A retrospective analysis of survival data from patients with metastatic non–small cell lung cancer showed that patients who received treatment at academic centers had better survival rates than those treated at community-based centers, and this disparity was more pronounced when patients were stratified by histology.
A retrospective analysis of survival data from patients with metastatic nonsmall cell lung cancer (NSCLC) showed that patients who received treatment at academic centers (ACs) had better survival rates than those treated at community-based centers (CCs), and this disparity was more pronounced when patients were stratified by histology.1
“There has been an improvement in the treatment of advanced lung cancers over the last 20 years and it is happening at both the community and the academic level,” explained Jeffrey Crawford, MD, the study’s senior author, George Barth Geller Professor of Medicine, and the codirector of the Solid Tumor Therapeutics Program at the Duke Cancer Institute in Durham, North Carolina. “Notably, it is happening in the adenocarcinoma population and not the squamous population. That was the most important observation because that had not been recognized before.”
Survival advantage between the 2 settings was analyzed from data collected from the National Cancer Database (NCDB) between 1998 and 2010 in patients with advanced NSCLC. The primary outcome was 2-year survival, or the proportion of patients surviving at least 24 months past the time of diagnosis.
An increase in the 2-year survival rate was observed in both groups between 1998 and 2010; however, patients treated in ACs had better survival rates and the survival disparity increased over time.
The 2-year survival rate in 1998 was 11.5% versus 9.2% in ACs and CCs, respectively. By 2010, the rates were 17.4% and 13.1%, accounting for a 2% increase in the survival disparity between the 2 groups over time.
“New innovations in treatment that we see at the clinical trial level are playing out at the overall population level,” Crawford said. “These studies were initially done at academic centers and therefore [they may have been better equipped] to adopt those changes sooner,” he explained.
A greater increase in survival rates was also dependent on histologic factors with adenocarcinoma outpacing squamous cell carcinoma by 0.59% per year in the 2-year survival rate. For all patients, histology-dependent survival in 1998 was comparable between patients with adenocarcinoma (10.2%) and squamous cell carcinoma (9.9%). However, there was a statistically significant disparity by 2010 with 17.3% of patients with adenocarcinoma surviving at 2 years versus 10.1% with squamous cell carcinoma.
Survival in patients with adenocarcinoma also varied by treatment facility with a 2-year survival rate of 12.3% versus 9.1% in ACs and CCs, respectively, in 1998. By 2010, both groups saw an increase in survival, 20.5% versus 15.5%, respectively, accounting for a 1.8% increase in the survival-rate disparity.
Study investigators say several factors may account for the disparity between the 2 settings including more availability of lung cancerspecific pathologists and molecular testing.
“Perhaps [pathologists at academic centers] are more tuned in on separating squamous from nonsquamous cancer. These are questions we cannot really answer from the database,” said Crawford.
The increasing importance of histology in treating NSCLC started around the early 2000s, Crawford said, and this could explain why there was a disparity observed in the designated study period. Treatment approaches became separated by squamous and nonsquamous histology because of 2 factors: the squamous population has a high risk of bleeding when bevacizumab (Avastin) is added to chemotherapy regimens and is therefore not used in this population, and the data for pemetrexed showed it was beneficial in nonsquamous but not in squamous cancers.

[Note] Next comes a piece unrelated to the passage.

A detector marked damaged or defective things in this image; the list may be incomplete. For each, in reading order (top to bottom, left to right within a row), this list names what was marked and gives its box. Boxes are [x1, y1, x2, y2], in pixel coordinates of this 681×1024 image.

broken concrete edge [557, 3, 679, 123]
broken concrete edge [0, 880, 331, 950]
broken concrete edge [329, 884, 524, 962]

He went on to explain that targeted therapies for patients that have genetic aberrations inEGFR,ALK, and other genes were being introduced and mainly benefited patients in the adenocarcinoma population.
“Over the time period, there was really no difference in outcome for [patients with squamous cell carcinoma]. It is unfortunate, but it serves as a good control since we have not seen an advance over this time period and there was not a real change,” Crawford said.

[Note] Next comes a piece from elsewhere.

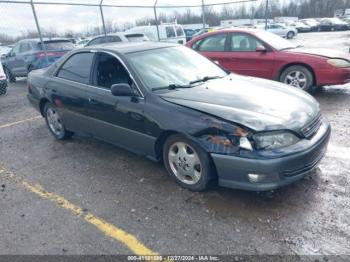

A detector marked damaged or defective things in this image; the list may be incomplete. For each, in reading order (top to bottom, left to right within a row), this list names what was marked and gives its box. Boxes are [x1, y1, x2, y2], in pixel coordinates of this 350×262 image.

damaged sedan [27, 42, 330, 191]
crumpled hood [160, 74, 318, 132]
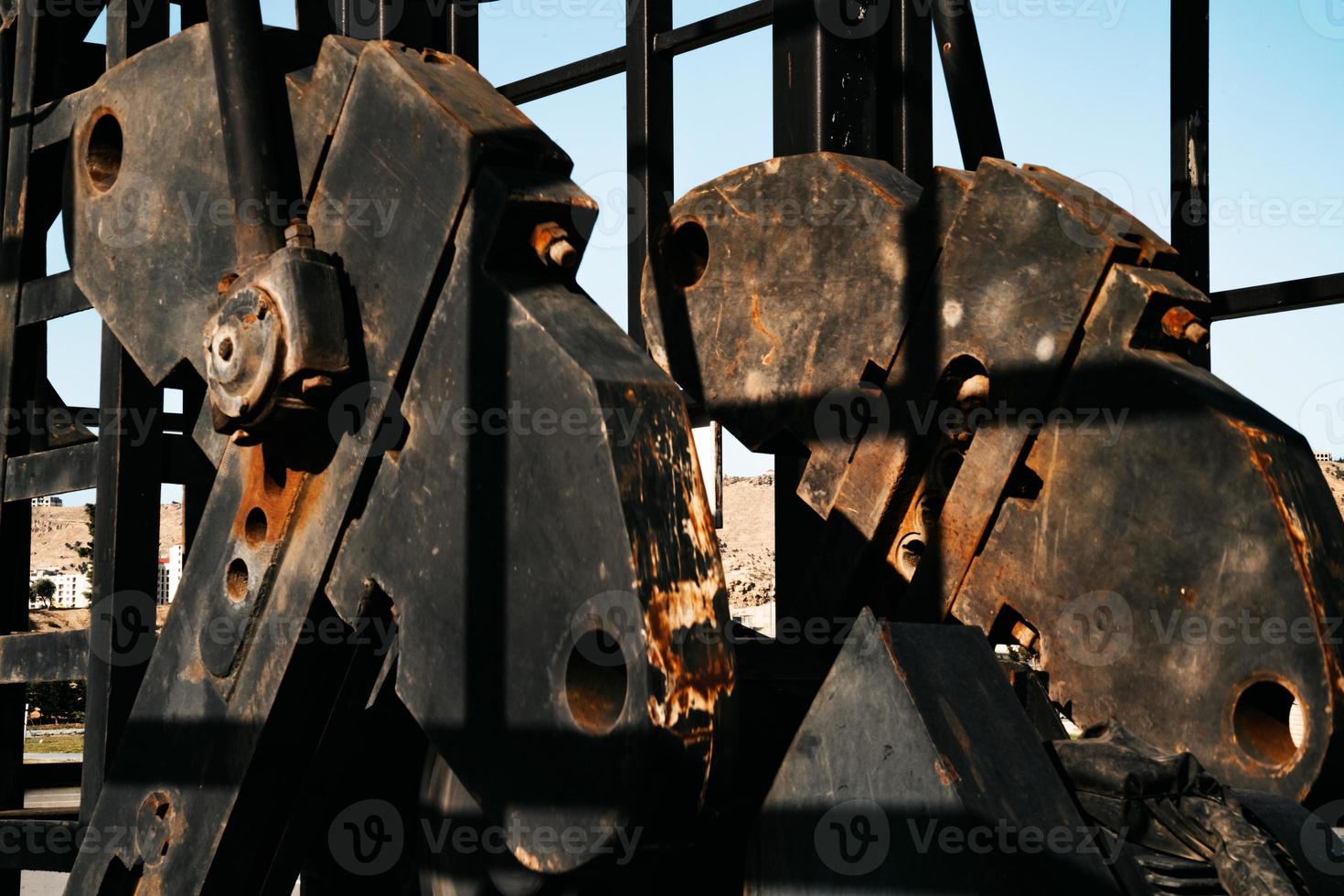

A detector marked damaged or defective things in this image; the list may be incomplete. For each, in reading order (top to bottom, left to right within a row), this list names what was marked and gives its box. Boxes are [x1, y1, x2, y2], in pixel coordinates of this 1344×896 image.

rust stain [752, 293, 784, 365]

Past studies have suggested that treatment choices and outcomes in NSCLC vary between academic and nonacademic settings. According to a study by Samson et al, patients at academic centers were more likely to receive neoadjuvant chemotherapy (49.6% vs 40.6%;P<.001) while those in nonacademic centers were more likely to receive radiotherapy (54.7% vs 49.4%;P<.001).2
But even when accounting for confounders including performance status, distance traveled to receive treatment, time between diagnosis and care, and treatment plans that did not include chemotherapy, there was no advantage observed that would disproportionately favor ACs.

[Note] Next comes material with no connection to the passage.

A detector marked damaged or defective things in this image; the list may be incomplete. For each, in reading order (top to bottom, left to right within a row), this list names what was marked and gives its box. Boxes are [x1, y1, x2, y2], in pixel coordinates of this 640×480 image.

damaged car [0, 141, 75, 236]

“The adoption of new regimens and new information has to do with disparities in care. We have to figure out how to [reduce] these disparities in the academic and community centers. I think that is the call going forward,” said Crawford.
He went on to explain that advances in the last 5 to 10 years, especially in immunotherapy and targeted therapies, necessitate another look at the data to see if these disparities have persisted.
This work was led by Sendhilnathan Ramalingam, MD, a hematology/oncology fellow at Duke. Ramalingam is currently analyzing more recent data from the NCDB, which includes the era of targeted therapy and immune therapy. The group is hoping these results will be ready for submission to the American Society of Clinical Oncology in 2019.